Dang Le Tri Nguyen, Quach An Binh, Xuan Cuong Nguyen, Thi Thanh Huyen Nguyen, Quang Nha Vo, Trung Duong Nguyen, Thi Cuc Phuong Tran, Thi An Hang Nguyen, Soo Young Kim, Thang Phan Nguyen, Jaehan Bae, Il Tae Kim, Quyet Van Le

Source title: 
Environmental Research, 200: 111492, 2021 (ISI)

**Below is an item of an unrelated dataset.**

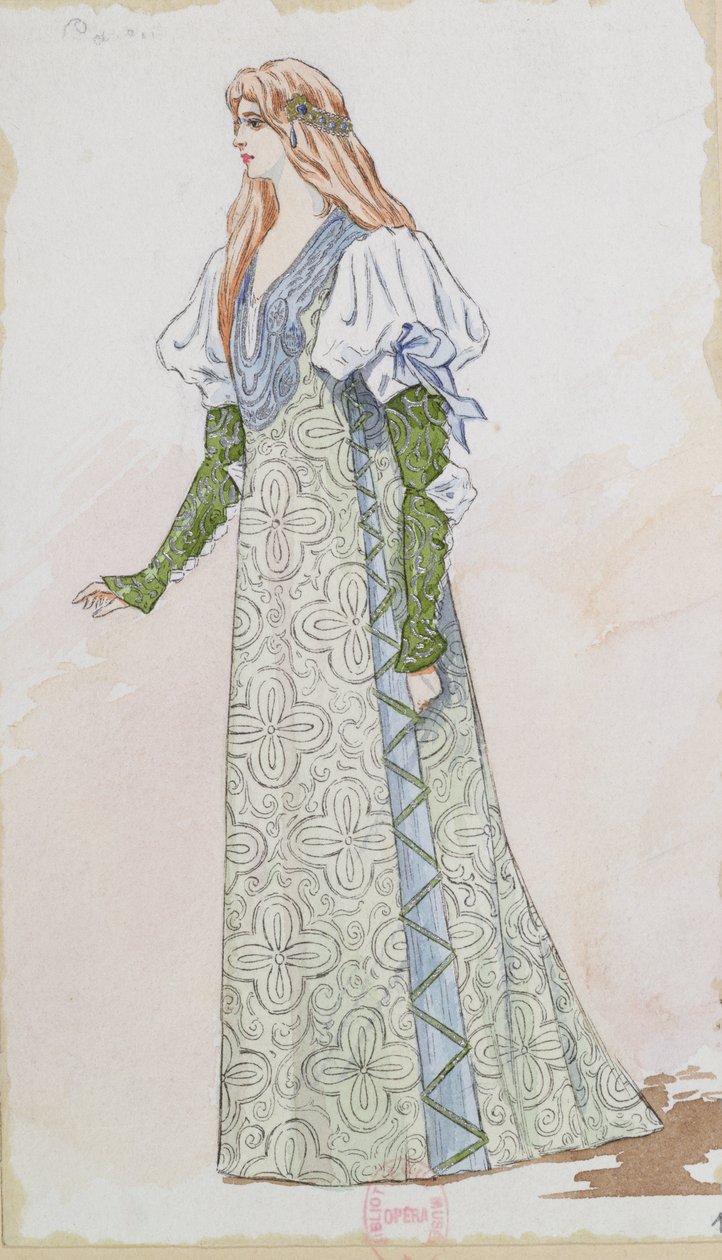 Costume di Desdemona per la prima rappresentazione di Otello di Giuseppe Verdi nel 1894 all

Academic year of acceptance: 

Anionic Congo red dye (CR) is not effectively removed by conventional adsorbents. Three novel biochars derived from agro-waste (Acacia auriculiformis), modified with metal salts of FeCl3, AlCl3, and CaCl2 at 500 °C pyrolysis have been developed to enhance CR treatment. These biochars revealed significant differences in effluents compared to BC, which satisfied initial research expectations (P < 0.05). The salt concentration of 2 M realized optimal biochars with the highest CR removal of 96.8%, for AlCl3-biochar and FeCl3-biochar and 70.8% for CaCl2-biochar. The modified biochars were low in the specific surface area (137.25–380.78 m2 g−1) compared normal biochar (393.15 m2 g−1), had more heterogeneous particles and successfully integrated metal oxides on the surface. The CR removal increased with a decrease in pH and increase in biochar dosage, which established an optimal point at an initial loading of 25 mg g−1. Maximum adsorption capacity achieved 130.0, 44.86, and 30.80 mg g−1 for BFe, BCa, and BAl, respectively. As magnetic biochar, which is easily separated from the solution and achieves a high adsorption capacity, FeCl3-biochar is the preferred biochar for CR treatment application.